Uber told a European court yesterday that it is not a taxi company — an assertion that has major implications and ramifications for other businesses with which the service may align or compete.
“Uber's dispute with Barcelona's main taxi operator, which in 2014 accused it of running an illegal taxi service via its UberPOP service, is seen as a landmark case which could lead the Court of Justice of the European Union (ECJ) to label it a transport company rather than a digital service,” writes Foo Yun Chee for Reuters.
“Such a ruling would subject the company to stricter rules on licensing, insurance and safety, with possible knock-on effects on other startups such as online home rental company Airbnb and food delivery company Deliveroo, other big brands in the sharing economy.”
Uber maintains that national transportation regulations in Europe are outdated, writes Sam Schechner for the Wall Street Journal, arguing “that those rules don’t apply to Uber because it is an online-service provider, rather than a transportation provider — a designation that it says should give it protection under existing EU laws.”
But the case “also raises questions about the company’s growth plans as it looks to expand beyond ride-hailing to food delivery and other online services,” points out Mark Scott in the New York Times. “In its defense at the hearing, the company framed itself as a new player in Europe’s often lackluster digital economy, offering users and drivers new ways to connect and helping to support cities’ existing transportation networks.”
“Uber’s services can’t be reduced to merely a transport service,” said Uber’s lawyer, Cani Fernández. “The reduction of unnecessary barriers to information society services is critical in the development of the digital single market,” she told the 15-judge panel.
The headline on Nicholas Hirst’s piece on Politico tells us that “Uber befuddles” the magistrates, and his lede suggests “it was impossible to tell if any [of them] … had ever used the service.” Whether they have or not, there’s clearly not a consensus among EU member countries.
Spain and France have sided with the Spanish taxi union, the NYT’s Scott points out, while on Tuesday “Uber received backing from several European countries, including the Netherlands, where the company has its European headquarters.”
And “the European Commission presented guidance on the sharing economy earlier in June, saying that ‘platforms should not be subject to authorizations or licenses where they only act as intermediaries between consumers and those offering the actual service (e.g., transport of accommodation service),” CNBC’s Justina Crabtree reports.
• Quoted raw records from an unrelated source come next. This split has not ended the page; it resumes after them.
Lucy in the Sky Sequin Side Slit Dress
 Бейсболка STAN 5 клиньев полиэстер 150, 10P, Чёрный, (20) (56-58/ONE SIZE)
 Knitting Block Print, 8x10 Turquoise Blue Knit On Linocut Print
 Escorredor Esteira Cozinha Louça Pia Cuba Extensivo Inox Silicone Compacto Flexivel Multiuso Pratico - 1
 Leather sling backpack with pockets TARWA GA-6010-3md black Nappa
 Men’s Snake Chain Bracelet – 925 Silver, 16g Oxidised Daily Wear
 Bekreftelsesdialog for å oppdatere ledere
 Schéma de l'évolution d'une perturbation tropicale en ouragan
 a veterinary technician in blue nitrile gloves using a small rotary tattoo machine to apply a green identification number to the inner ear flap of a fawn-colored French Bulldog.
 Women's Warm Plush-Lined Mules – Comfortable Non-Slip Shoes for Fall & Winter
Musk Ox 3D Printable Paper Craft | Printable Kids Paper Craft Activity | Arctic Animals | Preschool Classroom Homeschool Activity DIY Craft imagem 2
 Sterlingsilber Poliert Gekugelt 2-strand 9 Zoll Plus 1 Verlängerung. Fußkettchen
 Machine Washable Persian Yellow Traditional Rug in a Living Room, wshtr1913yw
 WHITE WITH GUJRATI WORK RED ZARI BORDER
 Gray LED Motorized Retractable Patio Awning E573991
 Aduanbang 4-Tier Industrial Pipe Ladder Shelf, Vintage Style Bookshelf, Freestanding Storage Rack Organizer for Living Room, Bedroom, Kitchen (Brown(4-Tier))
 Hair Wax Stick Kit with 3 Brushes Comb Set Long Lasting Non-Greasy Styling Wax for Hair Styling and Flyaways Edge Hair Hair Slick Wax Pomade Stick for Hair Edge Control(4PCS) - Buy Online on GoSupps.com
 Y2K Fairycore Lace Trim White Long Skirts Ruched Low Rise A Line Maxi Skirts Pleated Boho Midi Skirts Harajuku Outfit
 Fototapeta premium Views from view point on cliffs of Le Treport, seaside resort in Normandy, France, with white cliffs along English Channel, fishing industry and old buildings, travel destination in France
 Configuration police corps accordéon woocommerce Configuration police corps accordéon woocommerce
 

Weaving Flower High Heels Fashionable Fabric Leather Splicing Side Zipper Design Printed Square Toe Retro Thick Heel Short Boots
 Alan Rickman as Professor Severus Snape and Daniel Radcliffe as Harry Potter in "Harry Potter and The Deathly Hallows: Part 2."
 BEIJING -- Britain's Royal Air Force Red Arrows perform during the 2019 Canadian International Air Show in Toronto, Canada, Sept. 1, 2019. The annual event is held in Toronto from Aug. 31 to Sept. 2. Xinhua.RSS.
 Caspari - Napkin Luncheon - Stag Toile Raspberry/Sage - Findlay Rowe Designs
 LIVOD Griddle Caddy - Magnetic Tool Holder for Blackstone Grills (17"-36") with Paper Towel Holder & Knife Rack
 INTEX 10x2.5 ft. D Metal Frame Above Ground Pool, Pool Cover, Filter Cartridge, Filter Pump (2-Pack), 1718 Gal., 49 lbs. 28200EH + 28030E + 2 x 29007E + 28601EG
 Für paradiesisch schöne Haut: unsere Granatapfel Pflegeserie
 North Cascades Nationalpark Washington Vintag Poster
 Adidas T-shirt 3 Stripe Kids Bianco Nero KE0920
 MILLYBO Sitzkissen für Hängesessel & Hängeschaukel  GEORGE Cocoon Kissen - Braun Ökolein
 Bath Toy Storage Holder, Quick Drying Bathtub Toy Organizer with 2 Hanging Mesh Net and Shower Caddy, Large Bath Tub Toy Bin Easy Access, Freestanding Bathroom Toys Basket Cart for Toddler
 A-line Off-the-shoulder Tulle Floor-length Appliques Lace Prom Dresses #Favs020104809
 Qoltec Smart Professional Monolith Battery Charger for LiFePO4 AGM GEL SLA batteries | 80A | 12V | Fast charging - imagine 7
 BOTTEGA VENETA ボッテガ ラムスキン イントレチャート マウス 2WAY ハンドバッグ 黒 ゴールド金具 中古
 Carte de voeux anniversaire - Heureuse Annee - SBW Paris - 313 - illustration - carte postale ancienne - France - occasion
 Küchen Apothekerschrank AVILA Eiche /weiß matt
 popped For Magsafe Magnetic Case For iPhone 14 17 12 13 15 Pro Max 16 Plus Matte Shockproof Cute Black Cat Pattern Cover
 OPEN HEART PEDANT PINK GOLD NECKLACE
The panel’s ruling, which will be made in about six months, will not necessarily be “binary,” she writes, “as they could decide that the company fits somewhere in between the two categories.”
Not that the European Court of Justice is the only courtroom in the global economy. If there’s one sector the “ride-hailing company” has been a boon for, it is the legal profession.
“Since moving into Europe five years ago, it has faced numerous issues with local regulators. Countries including Germany, France, Italy, Belgium, the Netherlands and Spain have all at one time or other banned or curtailed the use of Uber. Its headquarters in Amsterdam have been raided on numerous occasions. Last month, a tribunal in the U.K. ruled that Uber drivers are entitled to the minimum wage,” reports David Gilbert for VICE.
“The car-hailing application accessed via smartphones and tablets has faced roadblocks, real and regulatory, across Europe, amid complaints brought by taxi drivers who say the company tries to unfairly avoid regulations that bind established competitors,” write Stephanie Bodoni and Marie Mawad for BloombergTechnology.
“Clearly, the EU court’s decision will have a great impact,” Georgios Petropoulos, a research fellow at the Brussels-based policy group Bruegel, tells them. “We are talking about one of the most popular platforms of the collaborative economy.”
Indeed, “in many countries, the company has set up shop before asking local governments for permission to operate,” Dara Kerr observes for CNET. “That aggressive strategy has been crucial to Uber's expansion, helping it grow from a small San Francisco startup to a multinational service in just six years. The company now operates in more than 400 cities in 72 countries and is valued at $68 billion.”
And that presumably doesn’t include the tips of drivers who, as the settlement of two class-action lawsuits determined earlier this year, are independent contractors — at least in Massachusetts and California.